In July, the mobile car-hailing service Uber fired an Austin, Texas, driver after he discharged a handgun during an altercation with a passenger. It wasn’t the first time an Uber driver has engaged in gunplay; the company announced in June that it would ban both drivers and fares from carrying guns, but many drivers either claim ignorance of the policy or choose to carry for self-protection anyway. Meanwhile, Airbnb, the online lodging empire that rose from humble couch-surfing beginnings, has yet to offer an explicit policy on hosts or guests possessing weapons. As more Americans come together to exchange goods and services in the so-called “sharing economy,” where do guns, and people carrying guns, fit into the brave new landscape?

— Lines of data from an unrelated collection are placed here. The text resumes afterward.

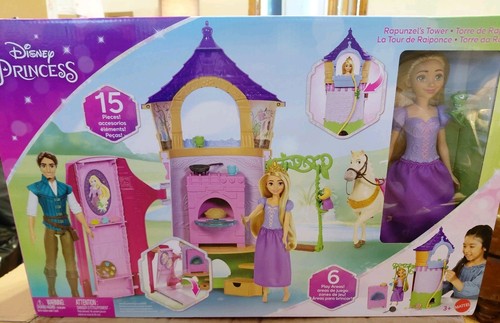 New disney princess rapunzel - disney,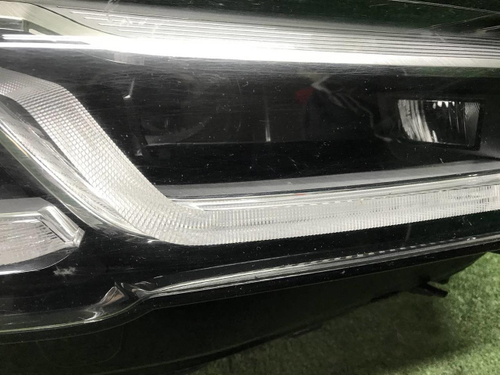 Фара правая BMW 5er G30 (2020-2023) LED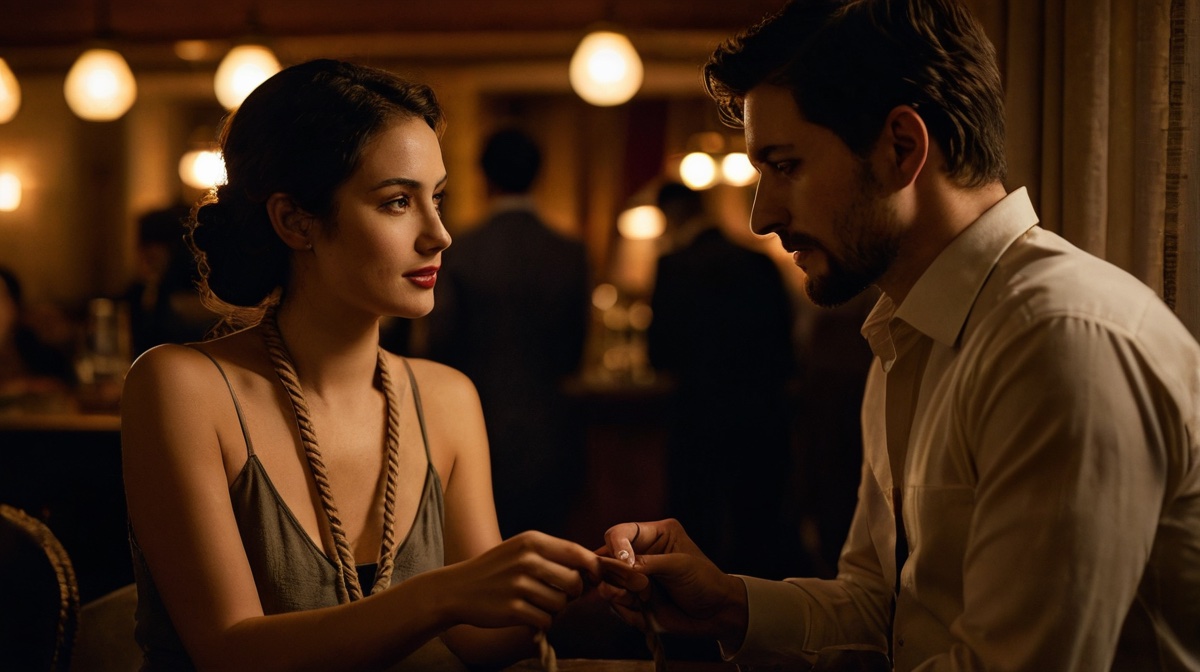 The consent problem in the invitation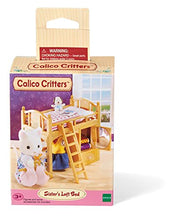 Load image into Gallery viewer, Calico Critters Loft Bed
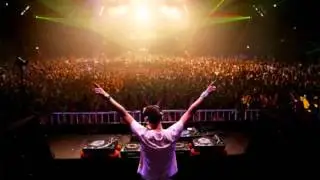 Alex M. vs Marc van Damme - Rock the House (Original Mix)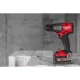 Аккумуляторная дрель-шуруповерт Milwaukee M18 FDD3-0X (18 В, без АКБ, 158 Н*м) (4933479862)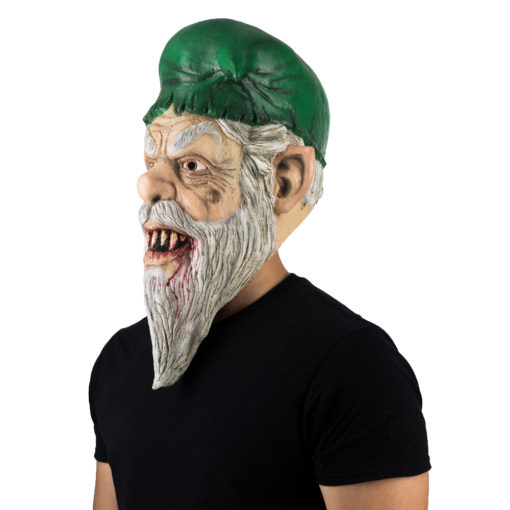 Evil gnome mask - Image 2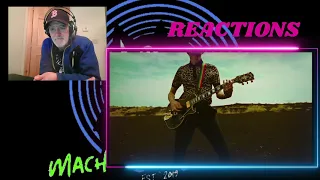 GLIM SPANKY – 「Fighter」Music Video REACTION #glimspanky #reactionvideo #reaction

This question of armaments is an increasingly urgent one: The ad hoc labor and service markets are mushrooming, even as the availability and number of concealed carry permits grows nationwide. In August, Uber secured a new round of venture capital, bringing the company’s overall value to an estimated $51 billion. Airbnb snagged more private funding in June, raising its own net valuation to $25.5 billion. Along with other companies like TaskRabbit (the “Uber for everything” that pairs consumers with independent contractors who perform miscellaneous tasks), these businesses have spearheaded a novel, tech-fueled move toward intimate person-to-person transactions.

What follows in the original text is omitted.